* _ABOUT THIS TASK_: Please copy the lines below exactly, from the first one through the line showing "Melissa Manchester : Hey".
[[ INFORMATION GIVEN, beginning ]]
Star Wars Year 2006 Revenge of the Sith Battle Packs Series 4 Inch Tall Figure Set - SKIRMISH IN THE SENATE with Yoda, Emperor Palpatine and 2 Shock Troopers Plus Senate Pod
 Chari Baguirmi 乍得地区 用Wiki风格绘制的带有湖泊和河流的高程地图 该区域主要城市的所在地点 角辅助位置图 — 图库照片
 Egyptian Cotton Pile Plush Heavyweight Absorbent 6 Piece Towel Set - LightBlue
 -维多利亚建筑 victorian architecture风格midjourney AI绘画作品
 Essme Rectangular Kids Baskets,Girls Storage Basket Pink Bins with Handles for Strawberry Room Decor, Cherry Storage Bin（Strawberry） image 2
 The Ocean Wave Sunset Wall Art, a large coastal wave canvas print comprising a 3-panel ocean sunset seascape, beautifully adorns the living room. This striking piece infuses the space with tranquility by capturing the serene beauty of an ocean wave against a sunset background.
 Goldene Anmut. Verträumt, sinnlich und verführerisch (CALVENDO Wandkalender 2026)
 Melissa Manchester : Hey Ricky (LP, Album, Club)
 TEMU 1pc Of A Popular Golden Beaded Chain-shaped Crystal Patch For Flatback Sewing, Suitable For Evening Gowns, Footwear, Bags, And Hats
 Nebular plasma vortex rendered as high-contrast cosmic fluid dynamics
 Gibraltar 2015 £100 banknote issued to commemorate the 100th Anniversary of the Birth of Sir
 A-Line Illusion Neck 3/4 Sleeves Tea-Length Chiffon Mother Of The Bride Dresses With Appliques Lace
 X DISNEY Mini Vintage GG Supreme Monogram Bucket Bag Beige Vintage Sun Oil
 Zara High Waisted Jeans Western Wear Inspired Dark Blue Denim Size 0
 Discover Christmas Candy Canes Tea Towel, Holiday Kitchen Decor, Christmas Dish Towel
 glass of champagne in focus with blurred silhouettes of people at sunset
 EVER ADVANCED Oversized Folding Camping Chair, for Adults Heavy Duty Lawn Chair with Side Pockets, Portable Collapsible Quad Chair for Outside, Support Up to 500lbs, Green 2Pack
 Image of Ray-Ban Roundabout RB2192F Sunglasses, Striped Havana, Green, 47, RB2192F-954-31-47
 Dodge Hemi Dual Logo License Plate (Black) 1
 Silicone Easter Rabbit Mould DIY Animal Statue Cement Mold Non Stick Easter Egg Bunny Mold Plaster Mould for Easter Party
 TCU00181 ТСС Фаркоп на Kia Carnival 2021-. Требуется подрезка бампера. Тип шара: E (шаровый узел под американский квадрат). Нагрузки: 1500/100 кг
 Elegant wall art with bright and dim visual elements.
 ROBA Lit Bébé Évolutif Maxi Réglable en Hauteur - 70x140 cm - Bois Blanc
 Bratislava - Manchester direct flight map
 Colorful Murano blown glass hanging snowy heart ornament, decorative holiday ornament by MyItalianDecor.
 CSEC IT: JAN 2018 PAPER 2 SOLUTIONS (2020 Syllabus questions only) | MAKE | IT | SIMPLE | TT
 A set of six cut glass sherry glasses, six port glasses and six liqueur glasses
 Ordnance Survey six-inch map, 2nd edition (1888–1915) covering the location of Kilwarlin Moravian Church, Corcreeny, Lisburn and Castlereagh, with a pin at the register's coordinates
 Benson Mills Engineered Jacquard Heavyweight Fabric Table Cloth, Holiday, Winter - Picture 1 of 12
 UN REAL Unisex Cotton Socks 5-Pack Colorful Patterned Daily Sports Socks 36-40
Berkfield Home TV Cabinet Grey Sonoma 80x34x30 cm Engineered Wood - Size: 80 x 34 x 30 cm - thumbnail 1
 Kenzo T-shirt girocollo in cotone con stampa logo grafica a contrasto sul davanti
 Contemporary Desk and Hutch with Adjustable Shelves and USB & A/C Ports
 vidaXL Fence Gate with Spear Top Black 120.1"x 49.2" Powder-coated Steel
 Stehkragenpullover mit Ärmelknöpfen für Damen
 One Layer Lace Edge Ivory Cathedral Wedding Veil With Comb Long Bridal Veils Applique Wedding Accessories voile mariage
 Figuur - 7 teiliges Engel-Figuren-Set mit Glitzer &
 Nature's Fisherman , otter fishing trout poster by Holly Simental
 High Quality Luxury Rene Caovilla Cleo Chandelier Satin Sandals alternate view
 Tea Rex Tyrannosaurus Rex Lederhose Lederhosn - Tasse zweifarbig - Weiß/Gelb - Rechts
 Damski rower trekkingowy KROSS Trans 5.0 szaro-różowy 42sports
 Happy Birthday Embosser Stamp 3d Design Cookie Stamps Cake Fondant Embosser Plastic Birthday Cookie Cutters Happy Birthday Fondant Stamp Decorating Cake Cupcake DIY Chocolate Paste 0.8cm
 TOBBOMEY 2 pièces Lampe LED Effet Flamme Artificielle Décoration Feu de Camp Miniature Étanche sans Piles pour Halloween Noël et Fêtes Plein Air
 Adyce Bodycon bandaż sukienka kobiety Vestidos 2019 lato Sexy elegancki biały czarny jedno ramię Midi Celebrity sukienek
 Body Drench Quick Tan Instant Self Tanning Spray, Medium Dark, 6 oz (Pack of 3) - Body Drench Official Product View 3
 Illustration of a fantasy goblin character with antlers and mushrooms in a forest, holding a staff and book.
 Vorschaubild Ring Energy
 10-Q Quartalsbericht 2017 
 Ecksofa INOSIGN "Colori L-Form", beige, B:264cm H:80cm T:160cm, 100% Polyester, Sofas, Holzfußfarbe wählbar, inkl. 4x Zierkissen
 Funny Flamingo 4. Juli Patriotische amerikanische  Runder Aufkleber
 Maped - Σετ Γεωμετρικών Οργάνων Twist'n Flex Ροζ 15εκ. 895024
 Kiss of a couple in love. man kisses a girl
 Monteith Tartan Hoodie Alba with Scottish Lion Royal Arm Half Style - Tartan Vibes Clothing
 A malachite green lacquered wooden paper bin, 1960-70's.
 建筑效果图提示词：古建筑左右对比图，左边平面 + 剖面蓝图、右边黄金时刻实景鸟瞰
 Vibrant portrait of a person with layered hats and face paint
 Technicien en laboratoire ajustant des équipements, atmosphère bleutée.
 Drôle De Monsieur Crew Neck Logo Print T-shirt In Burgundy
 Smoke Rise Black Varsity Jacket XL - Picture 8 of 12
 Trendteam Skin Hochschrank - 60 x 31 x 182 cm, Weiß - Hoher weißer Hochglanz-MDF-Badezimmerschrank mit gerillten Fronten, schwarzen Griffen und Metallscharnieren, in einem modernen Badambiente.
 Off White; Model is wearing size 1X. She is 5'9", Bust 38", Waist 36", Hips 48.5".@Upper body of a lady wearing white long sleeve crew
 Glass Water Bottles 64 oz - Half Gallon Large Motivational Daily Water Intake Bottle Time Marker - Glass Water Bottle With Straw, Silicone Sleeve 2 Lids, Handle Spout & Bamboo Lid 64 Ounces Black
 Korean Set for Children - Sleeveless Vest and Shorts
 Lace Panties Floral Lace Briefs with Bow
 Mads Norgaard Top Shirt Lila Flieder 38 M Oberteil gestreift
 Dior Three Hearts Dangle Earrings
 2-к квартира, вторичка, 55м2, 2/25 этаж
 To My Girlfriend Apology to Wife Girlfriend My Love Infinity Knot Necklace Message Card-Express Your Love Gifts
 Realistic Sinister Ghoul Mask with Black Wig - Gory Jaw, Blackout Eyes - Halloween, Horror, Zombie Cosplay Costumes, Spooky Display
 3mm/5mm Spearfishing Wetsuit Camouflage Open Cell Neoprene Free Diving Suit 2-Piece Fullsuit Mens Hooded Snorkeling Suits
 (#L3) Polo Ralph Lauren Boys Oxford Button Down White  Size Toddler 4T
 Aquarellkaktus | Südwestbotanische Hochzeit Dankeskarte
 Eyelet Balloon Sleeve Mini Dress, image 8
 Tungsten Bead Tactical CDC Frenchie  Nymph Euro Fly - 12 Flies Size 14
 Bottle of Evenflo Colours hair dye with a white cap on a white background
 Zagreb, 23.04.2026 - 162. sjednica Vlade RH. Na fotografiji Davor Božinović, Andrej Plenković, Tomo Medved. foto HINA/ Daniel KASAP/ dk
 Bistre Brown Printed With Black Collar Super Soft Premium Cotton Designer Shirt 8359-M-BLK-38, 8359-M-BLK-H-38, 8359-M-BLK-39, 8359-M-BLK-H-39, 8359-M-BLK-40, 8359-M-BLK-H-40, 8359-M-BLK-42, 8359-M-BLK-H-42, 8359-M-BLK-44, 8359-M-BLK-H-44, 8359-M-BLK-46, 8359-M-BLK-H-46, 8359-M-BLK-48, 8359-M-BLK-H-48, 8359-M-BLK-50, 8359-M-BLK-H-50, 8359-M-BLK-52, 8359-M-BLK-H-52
[[ INFORMATION GIVEN, end ]]
* _RESPONSE TO THIS EXERCISE_:
Star Wars Year 2006 Revenge of the Sith Battle Packs Series 4 Inch Tall Figure Set - SKIRMISH IN THE SENATE with Yoda, Emperor Palpatine and 2 Shock Troopers Plus Senate Pod
 Chari Baguirmi 乍得地区 用Wiki风格绘制的带有湖泊和河流的高程地图 该区域主要城市的所在地点 角辅助位置图 — 图库照片
 Egyptian Cotton Pile Plush Heavyweight Absorbent 6 Piece Towel Set - LightBlue
 -维多利亚建筑 victorian architecture风格midjourney AI绘画作品
 Essme Rectangular Kids Baskets,Girls Storage Basket Pink Bins with Handles for Strawberry Room Decor, Cherry Storage Bin（Strawberry） image 2
 The Ocean Wave Sunset Wall Art, a large coastal wave canvas print comprising a 3-panel ocean sunset seascape, beautifully adorns the living room. This striking piece infuses the space with tranquility by capturing the serene beauty of an ocean wave against a sunset background.
 Goldene Anmut. Verträumt, sinnlich und verführerisch (CALVENDO Wandkalender 2026)
 Melissa Manchester : Hey Ricky (LP, Album, Club)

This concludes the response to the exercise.